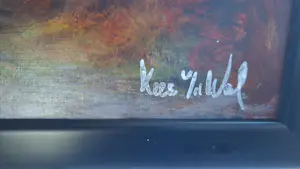 Kees van de Wal - Boomstronk" - Groot liggend abstract werk - 107 x 77 cm kopen? Bied vanaf 450!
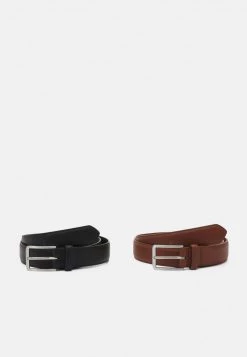 Pier One Hombre 2 PACK - Cinturón - Brown/black
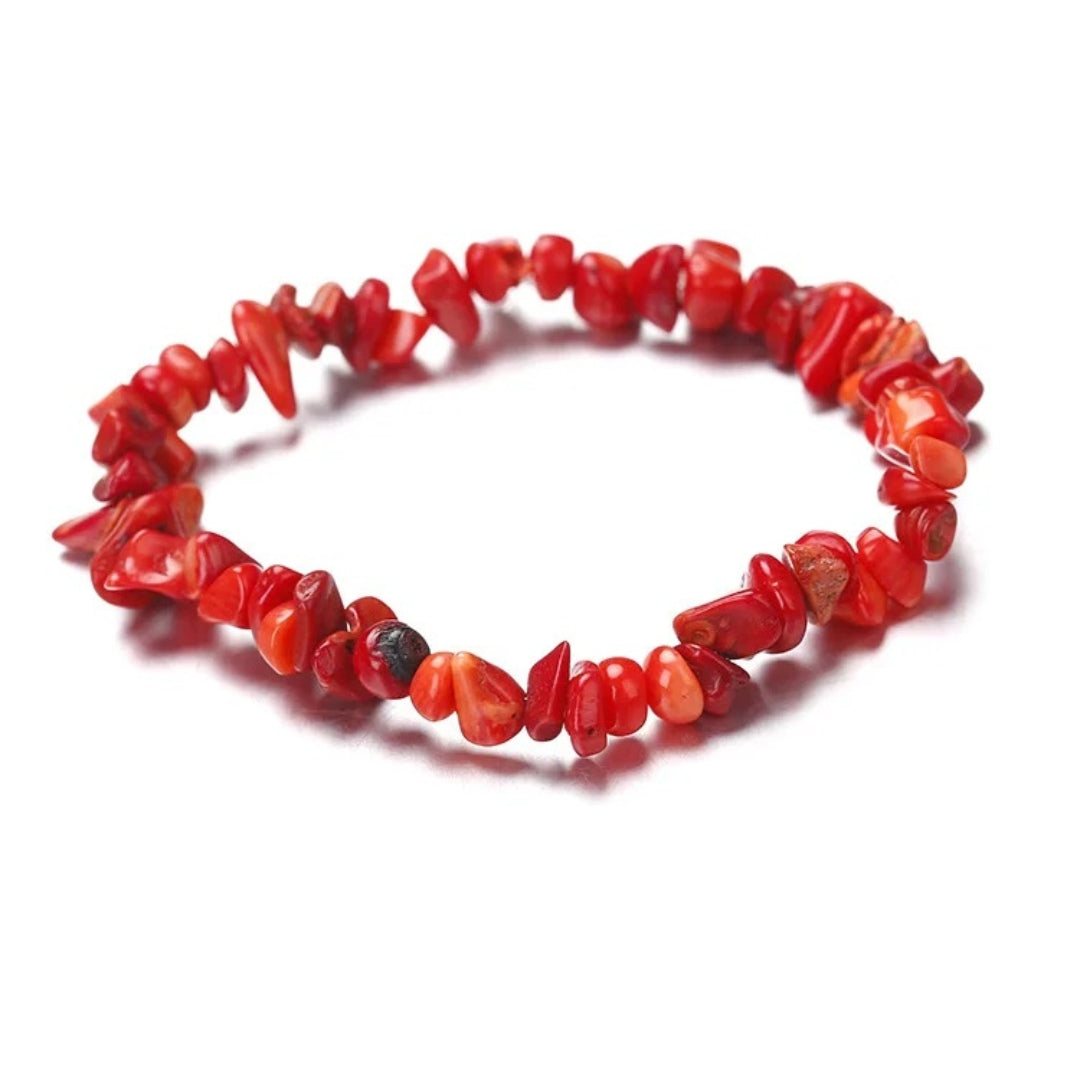 Natural Red Coral Chip Stretch Bracelet Healing Bracelet Red Coral Healing Bracelet for Women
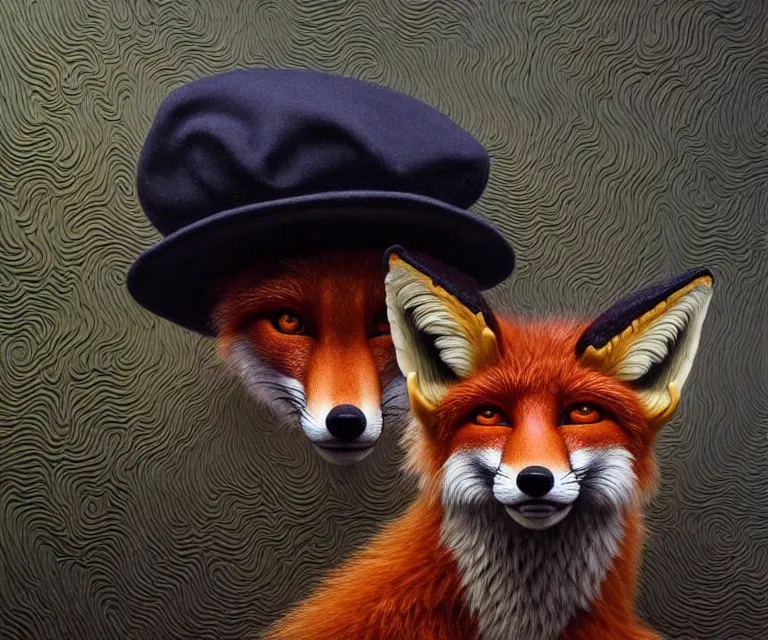 Image similar to hyper detailed 3d render like a Oil painting - portrait of an anthro fox wearing a beret and pointing a glock at the camera, by Jacek Yerka, Mariusz Lewandowski, Houdini algorithmic generative render, Abstract brush strokes, Masterpiece, Edward Hopper and James Gilleard, Zdzislaw Beksinski, Mark Ryden, Wolfgang Lettl, hints of Yayoi Kasuma, octane render, 8k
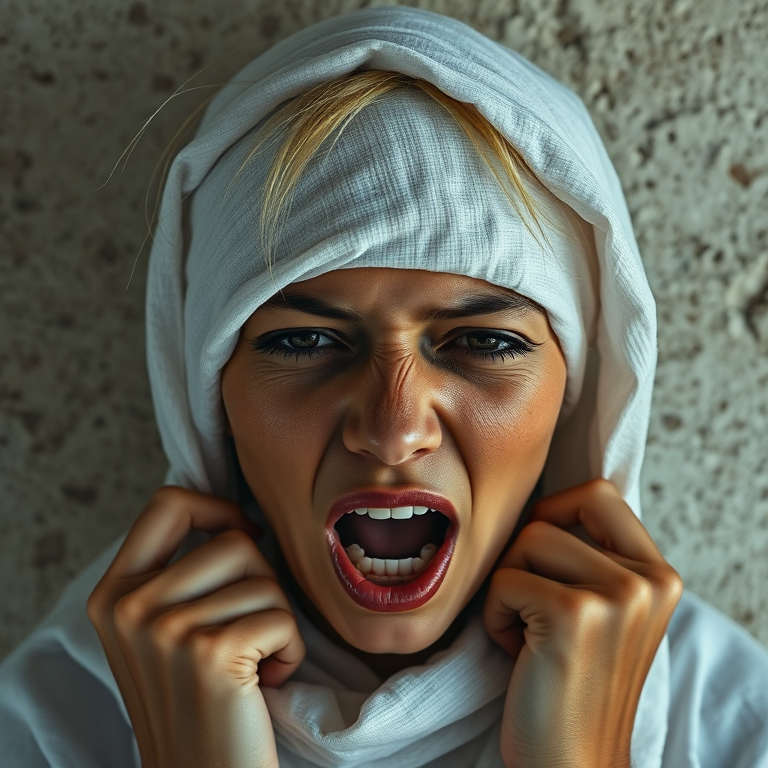 Create a close-up photographic image of a taino woman with light skin tones shown against an old, worn wall. Their head is wrapped in a white cloth covering (i.e.... parts of the head except the nose and mouth, which are open as if they are screaming...), with a slight texture and visible folds in the fabric. Thin strands of blonde hair escape from the wrapping above, falling lightly at the top and sides. Their hands hold the fabric as if they are tugging nervously. The lighting is dramatic and even, casting strong shadows. The image has a minimalist and surreal style with an emphasis on simplicity with soft color tones. The composition is centered.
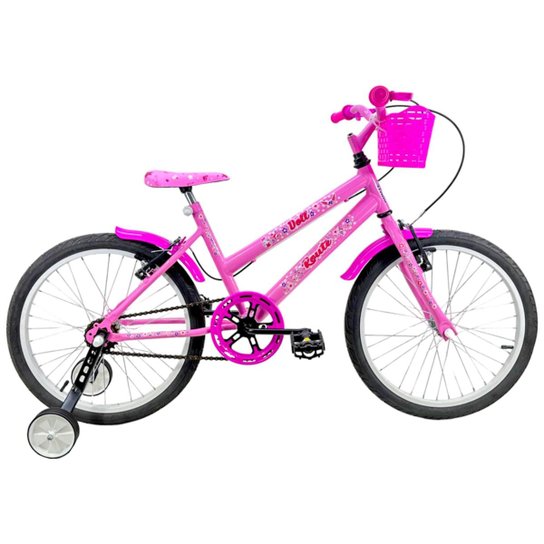 Bicicleta Aro 20 Infantil C/ Rodas Doll - Route - Rosa Menor preço em Bicicleta Aro 20 Infantil C/ Rodas Doll - Route - Rosa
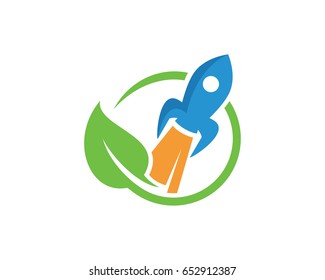 Nature Rocket Logo Template Design Vector, Emblem, Design Concept, Creative Symbol, Icon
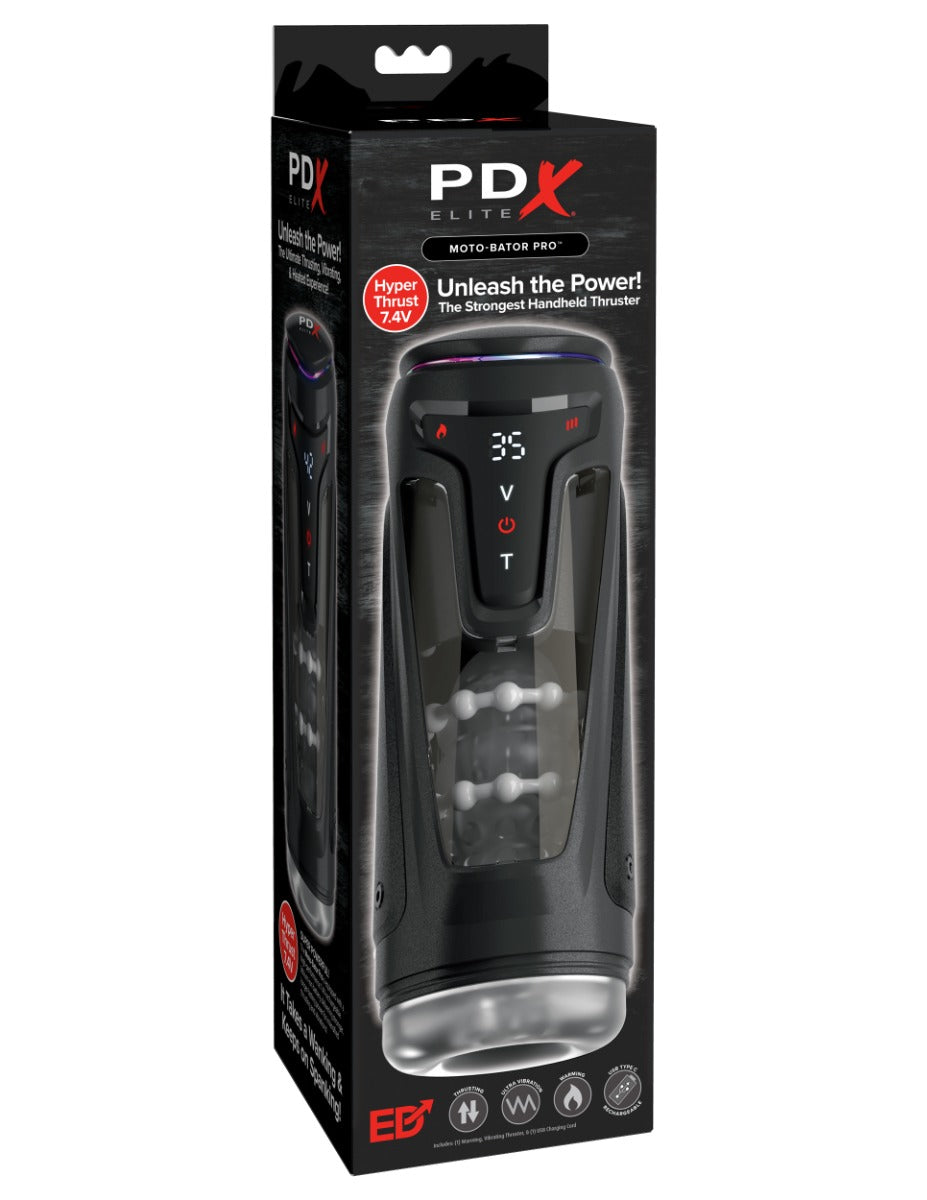 PDX Elite Moto-Bator Pro – USB Rechargeable Auto Stroker with Thrusting, Vibration, and Warming Functions > Sex Toys For Men > Masturbators Premium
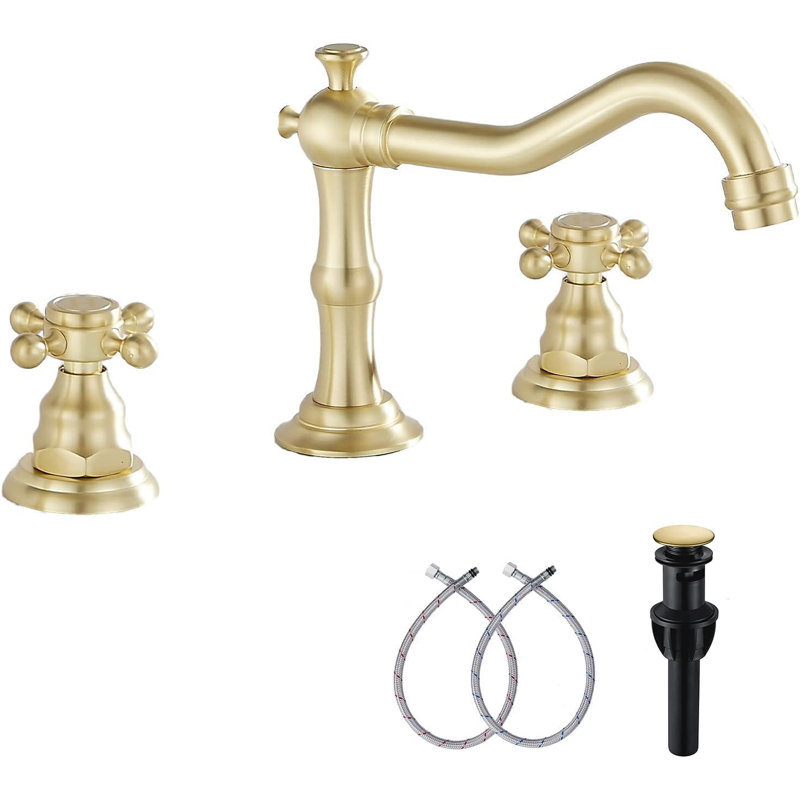Robinet de salle de bain à large entraxe avec bonde, Or brossé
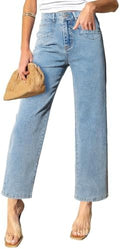 Sidefeel Women's Straight Leg Jeans High Waisted Stretchy Jeans Zimbaplatinum Wide Leg Ankle Denim Pants with Pockets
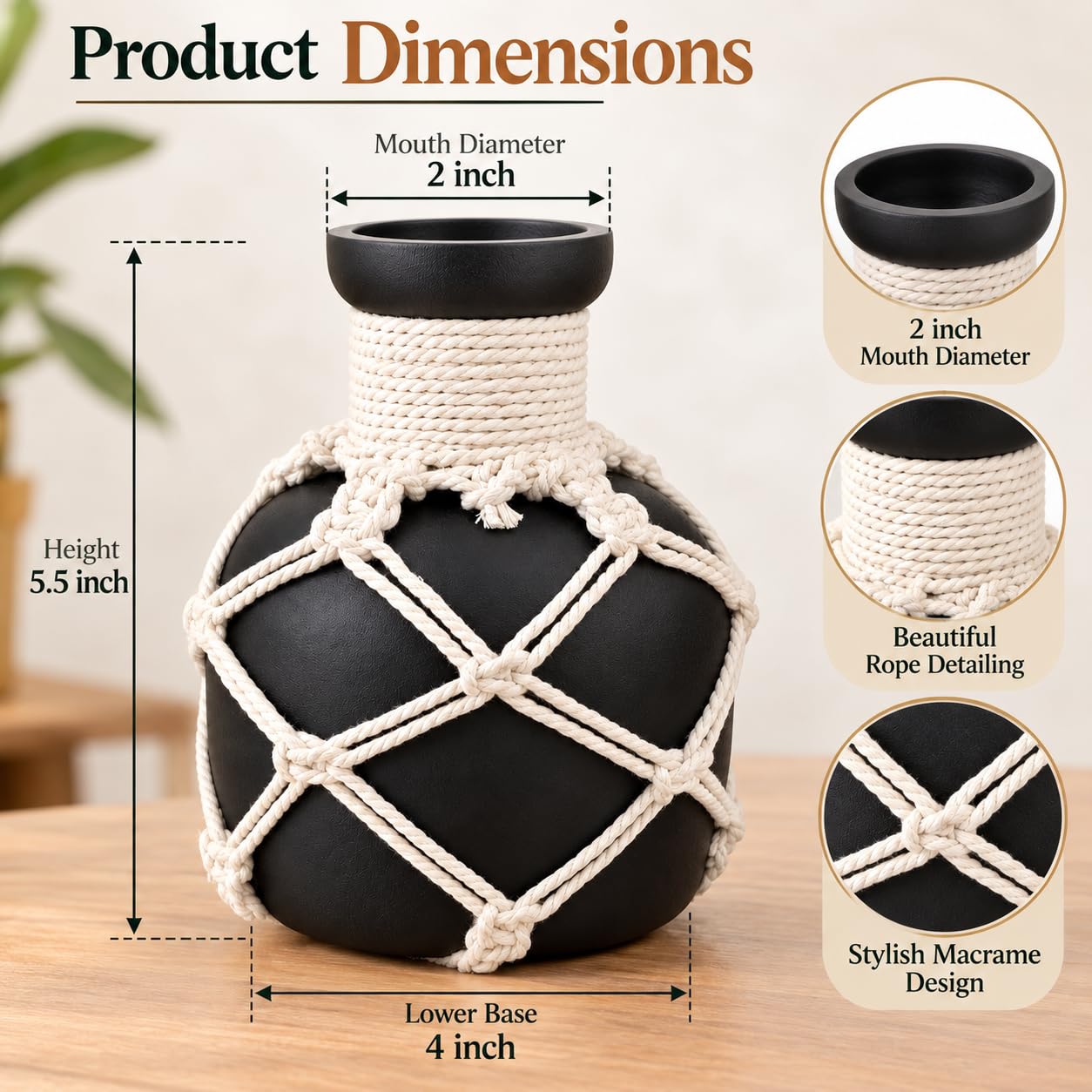 Pure Source India Decorative Black Flower Vase with Macramé Rope Design | Tabletop Home Décor Vase for Living Room, Dining Table & Office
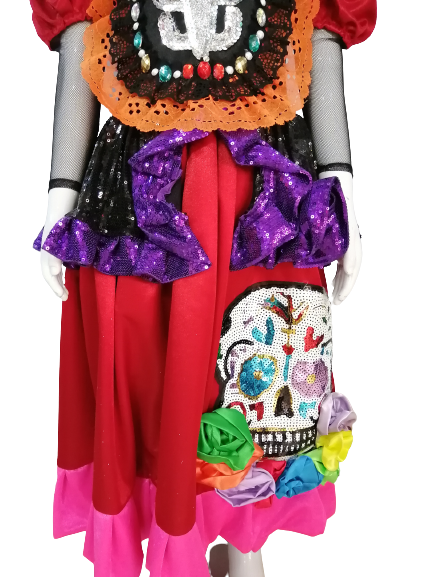 Vestido Disfraz Catrina Calavera (Aplicacion Calavera en lentejueja) de lujo halloween para niñas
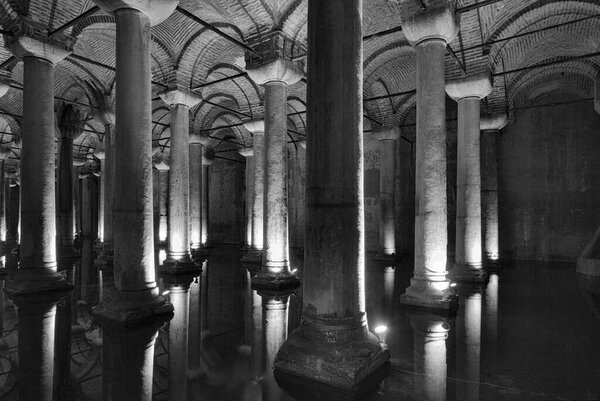 Turkey, Istanbul, The underground Basilica Cistern, built by Justinianus in the 6th century, is still in use and remains an important supply of sweet water for the city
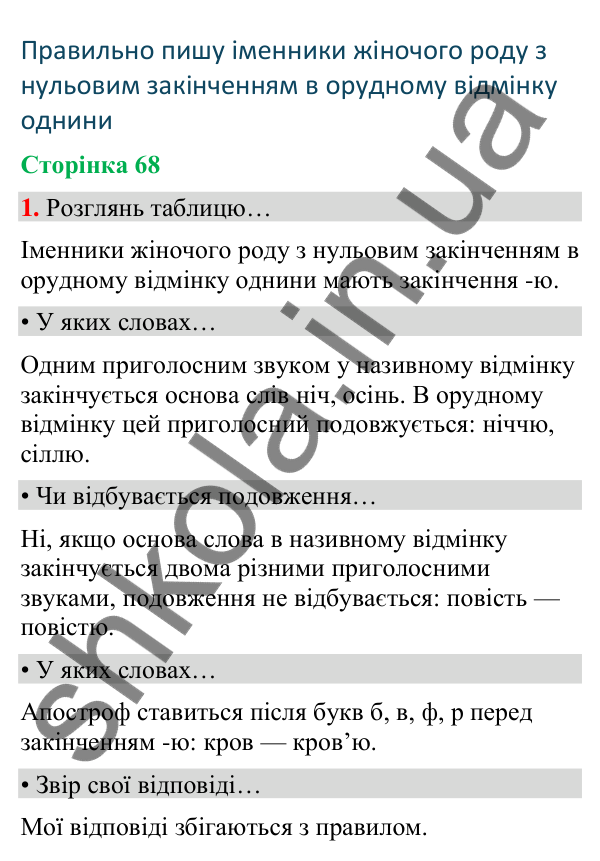 Сторінка 68, завдання 1 Відповідь до завдання 1, сторінка 68 - ГДЗ Українська мова та читання 4 клас Вашуленко 2026 частина 1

# # # #

**Problem to work on**
Go down the entries above from the line containing "Sidefeel Women's Straight" to the line containing "Vestido Disfraz Catrina" and write out each line exactly, leaving pictures out.

**Result**
 Sidefeel Women's Straight Leg Jeans High Waisted Stretchy Jeans Zimbaplatinum Wide Leg Ankle Denim Pants with Pockets
 Pure Source India Decorative Black Flower Vase with Macramé Rope Design | Tabletop Home Décor Vase for Living Room, Dining Table & Office
 Vestido Disfraz Catrina Calavera (Aplicacion Calavera en lentejueja) de lujo halloween para niñas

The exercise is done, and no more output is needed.